Saved data entries:
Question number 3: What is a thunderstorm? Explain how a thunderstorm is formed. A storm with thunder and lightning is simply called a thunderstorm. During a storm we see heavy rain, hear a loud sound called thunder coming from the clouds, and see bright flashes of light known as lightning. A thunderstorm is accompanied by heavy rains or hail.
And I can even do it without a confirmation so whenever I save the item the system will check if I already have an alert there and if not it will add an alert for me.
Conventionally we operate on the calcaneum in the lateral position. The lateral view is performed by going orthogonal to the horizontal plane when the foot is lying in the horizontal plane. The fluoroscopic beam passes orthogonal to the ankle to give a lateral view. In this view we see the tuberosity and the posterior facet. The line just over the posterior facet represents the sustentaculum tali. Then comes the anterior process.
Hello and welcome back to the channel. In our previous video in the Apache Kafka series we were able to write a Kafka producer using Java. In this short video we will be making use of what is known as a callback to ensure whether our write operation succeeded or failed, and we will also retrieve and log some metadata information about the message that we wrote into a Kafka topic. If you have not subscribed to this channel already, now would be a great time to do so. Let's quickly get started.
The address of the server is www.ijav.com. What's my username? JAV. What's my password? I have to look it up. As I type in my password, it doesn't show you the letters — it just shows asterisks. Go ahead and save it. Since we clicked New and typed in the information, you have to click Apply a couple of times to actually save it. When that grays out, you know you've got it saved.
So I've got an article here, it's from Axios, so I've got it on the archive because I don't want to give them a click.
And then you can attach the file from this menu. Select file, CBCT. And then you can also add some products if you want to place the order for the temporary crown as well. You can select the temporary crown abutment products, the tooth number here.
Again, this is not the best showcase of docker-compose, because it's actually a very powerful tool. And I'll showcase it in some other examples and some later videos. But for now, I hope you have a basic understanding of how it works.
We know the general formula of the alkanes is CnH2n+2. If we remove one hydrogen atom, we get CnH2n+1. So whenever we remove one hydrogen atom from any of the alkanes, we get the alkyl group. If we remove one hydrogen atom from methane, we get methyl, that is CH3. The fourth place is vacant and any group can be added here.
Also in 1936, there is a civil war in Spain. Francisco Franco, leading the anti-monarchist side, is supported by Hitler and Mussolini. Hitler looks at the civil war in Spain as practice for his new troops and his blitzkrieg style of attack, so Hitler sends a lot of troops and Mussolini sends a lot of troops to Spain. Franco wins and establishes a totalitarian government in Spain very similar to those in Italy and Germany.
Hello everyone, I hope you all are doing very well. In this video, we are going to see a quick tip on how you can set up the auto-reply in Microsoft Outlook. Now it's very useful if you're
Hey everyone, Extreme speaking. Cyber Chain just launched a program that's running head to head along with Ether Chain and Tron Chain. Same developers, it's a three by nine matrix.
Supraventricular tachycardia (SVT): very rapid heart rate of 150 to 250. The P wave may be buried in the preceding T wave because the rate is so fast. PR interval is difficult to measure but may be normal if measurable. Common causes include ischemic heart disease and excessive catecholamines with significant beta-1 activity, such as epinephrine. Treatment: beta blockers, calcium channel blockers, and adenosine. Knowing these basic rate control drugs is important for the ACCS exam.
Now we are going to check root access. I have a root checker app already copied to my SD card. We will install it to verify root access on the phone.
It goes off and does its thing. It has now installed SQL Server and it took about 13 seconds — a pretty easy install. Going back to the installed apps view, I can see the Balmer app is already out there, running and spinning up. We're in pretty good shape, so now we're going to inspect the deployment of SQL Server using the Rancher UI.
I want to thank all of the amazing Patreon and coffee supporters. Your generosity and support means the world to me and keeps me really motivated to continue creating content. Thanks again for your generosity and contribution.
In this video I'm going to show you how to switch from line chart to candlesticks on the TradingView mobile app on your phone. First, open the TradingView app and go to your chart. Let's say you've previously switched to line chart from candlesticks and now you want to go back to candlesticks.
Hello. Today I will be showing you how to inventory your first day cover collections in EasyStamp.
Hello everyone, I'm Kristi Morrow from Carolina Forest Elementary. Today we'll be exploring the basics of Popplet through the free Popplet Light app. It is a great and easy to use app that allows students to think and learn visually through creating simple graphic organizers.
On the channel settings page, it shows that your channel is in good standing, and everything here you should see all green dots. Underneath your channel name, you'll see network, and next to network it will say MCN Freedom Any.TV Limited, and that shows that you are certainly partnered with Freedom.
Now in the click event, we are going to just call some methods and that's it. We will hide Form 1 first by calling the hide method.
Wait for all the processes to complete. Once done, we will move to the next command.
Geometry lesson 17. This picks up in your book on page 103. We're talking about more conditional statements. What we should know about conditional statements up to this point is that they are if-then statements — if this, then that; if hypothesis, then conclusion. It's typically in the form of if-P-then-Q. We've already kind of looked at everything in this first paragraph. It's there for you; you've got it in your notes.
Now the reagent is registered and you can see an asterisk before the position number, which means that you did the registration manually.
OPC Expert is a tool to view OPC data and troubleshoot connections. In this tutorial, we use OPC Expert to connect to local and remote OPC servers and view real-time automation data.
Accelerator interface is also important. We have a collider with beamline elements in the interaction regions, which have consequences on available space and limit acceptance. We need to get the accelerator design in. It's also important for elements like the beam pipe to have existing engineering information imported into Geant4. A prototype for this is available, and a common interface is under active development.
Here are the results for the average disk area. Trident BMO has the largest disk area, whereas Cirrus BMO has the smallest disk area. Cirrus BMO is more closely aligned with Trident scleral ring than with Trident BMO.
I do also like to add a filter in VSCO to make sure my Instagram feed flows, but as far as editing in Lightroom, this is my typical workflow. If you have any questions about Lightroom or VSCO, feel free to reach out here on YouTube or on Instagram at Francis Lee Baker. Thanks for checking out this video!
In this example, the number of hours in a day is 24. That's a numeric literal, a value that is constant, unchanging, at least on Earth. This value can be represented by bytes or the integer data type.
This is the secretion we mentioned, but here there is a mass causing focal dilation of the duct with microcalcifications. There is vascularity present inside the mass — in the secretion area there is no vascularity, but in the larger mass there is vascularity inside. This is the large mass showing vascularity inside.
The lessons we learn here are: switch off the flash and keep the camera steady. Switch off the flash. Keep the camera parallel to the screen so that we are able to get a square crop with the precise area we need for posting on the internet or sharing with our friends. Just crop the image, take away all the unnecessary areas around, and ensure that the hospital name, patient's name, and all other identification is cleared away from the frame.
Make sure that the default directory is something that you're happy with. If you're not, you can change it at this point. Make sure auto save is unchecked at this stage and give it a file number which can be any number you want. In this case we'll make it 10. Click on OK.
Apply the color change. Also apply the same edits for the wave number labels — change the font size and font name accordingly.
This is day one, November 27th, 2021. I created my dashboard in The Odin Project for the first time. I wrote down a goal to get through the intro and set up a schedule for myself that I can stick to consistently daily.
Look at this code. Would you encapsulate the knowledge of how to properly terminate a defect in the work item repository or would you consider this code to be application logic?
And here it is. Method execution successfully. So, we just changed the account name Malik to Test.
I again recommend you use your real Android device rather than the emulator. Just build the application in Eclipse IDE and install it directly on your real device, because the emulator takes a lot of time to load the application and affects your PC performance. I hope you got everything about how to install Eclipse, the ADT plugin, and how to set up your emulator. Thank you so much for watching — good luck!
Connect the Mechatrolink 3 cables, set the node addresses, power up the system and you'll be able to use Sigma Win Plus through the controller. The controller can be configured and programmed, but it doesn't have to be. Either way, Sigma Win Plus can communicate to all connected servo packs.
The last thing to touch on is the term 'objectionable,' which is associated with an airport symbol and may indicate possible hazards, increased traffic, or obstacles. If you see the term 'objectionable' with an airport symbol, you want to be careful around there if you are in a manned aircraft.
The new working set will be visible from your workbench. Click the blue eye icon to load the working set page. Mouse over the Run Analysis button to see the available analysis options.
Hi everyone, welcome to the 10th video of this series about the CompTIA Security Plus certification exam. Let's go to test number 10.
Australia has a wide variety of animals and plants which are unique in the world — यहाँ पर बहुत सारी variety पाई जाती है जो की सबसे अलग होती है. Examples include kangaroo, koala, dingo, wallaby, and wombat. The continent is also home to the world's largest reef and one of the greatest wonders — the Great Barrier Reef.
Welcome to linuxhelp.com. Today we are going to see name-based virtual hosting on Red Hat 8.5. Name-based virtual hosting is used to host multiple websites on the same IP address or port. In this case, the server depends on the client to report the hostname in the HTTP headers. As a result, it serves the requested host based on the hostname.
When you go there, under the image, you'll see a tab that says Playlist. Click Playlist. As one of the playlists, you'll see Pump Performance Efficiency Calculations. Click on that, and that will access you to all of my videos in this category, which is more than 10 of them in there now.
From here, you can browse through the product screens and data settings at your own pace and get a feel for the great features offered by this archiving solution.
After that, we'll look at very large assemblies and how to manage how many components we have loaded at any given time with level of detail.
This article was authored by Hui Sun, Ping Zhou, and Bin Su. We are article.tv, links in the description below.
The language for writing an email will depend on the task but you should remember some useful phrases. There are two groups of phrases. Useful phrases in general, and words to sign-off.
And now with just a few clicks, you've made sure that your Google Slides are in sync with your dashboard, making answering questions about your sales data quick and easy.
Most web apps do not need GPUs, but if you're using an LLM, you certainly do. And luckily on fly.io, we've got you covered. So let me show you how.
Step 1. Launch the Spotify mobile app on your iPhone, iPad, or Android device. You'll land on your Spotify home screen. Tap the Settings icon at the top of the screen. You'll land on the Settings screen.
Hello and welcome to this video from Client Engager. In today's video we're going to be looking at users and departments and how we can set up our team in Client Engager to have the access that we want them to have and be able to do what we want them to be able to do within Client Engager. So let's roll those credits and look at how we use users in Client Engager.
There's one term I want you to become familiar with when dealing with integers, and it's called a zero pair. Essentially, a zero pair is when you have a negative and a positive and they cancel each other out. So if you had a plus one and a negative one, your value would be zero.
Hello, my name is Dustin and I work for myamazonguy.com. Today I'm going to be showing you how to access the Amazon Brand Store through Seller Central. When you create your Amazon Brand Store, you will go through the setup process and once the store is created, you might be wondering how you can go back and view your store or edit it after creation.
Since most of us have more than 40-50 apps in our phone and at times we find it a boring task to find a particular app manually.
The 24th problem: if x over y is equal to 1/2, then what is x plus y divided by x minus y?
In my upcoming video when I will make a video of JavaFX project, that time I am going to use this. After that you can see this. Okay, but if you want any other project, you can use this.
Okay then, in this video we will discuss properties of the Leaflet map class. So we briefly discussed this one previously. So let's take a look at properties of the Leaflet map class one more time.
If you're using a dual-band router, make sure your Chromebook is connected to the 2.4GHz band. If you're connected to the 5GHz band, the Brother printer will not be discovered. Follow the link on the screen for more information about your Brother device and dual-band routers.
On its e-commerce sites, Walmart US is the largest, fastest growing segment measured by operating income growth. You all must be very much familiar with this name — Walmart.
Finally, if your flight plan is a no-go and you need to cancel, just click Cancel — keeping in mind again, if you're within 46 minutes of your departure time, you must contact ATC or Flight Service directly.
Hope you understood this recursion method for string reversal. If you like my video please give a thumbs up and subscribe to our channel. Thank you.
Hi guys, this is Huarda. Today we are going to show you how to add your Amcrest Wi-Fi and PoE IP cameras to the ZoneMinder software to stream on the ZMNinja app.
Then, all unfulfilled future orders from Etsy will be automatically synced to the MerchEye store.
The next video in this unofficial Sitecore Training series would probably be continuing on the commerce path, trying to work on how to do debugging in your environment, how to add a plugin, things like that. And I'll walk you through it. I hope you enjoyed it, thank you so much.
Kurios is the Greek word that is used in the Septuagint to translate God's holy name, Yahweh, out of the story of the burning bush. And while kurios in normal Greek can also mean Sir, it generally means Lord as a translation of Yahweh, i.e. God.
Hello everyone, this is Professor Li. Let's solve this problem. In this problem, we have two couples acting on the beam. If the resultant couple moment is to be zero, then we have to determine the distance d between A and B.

▶ **PROBLEM**:
Reproduce exactly the entries above, limited to the lines from the one with "Most web apps" through the one with "There's one term", both included.

▶ **ANSWER**:
Most web apps do not need GPUs, but if you're using an LLM, you certainly do. And luckily on fly.io, we've got you covered. So let me show you how.
Step 1. Launch the Spotify mobile app on your iPhone, iPad, or Android device. You'll land on your Spotify home screen. Tap the Settings icon at the top of the screen. You'll land on the Settings screen.
Hello and welcome to this video from Client Engager. In today's video we're going to be looking at users and departments and how we can set up our team in Client Engager to have the access that we want them to have and be able to do what we want them to be able to do within Client Engager. So let's roll those credits and look at how we use users in Client Engager.
There's one term I want you to become familiar with when dealing with integers, and it's called a zero pair. Essentially, a zero pair is when you have a negative and a positive and they cancel each other out. So if you had a plus one and a negative one, your value would be zero.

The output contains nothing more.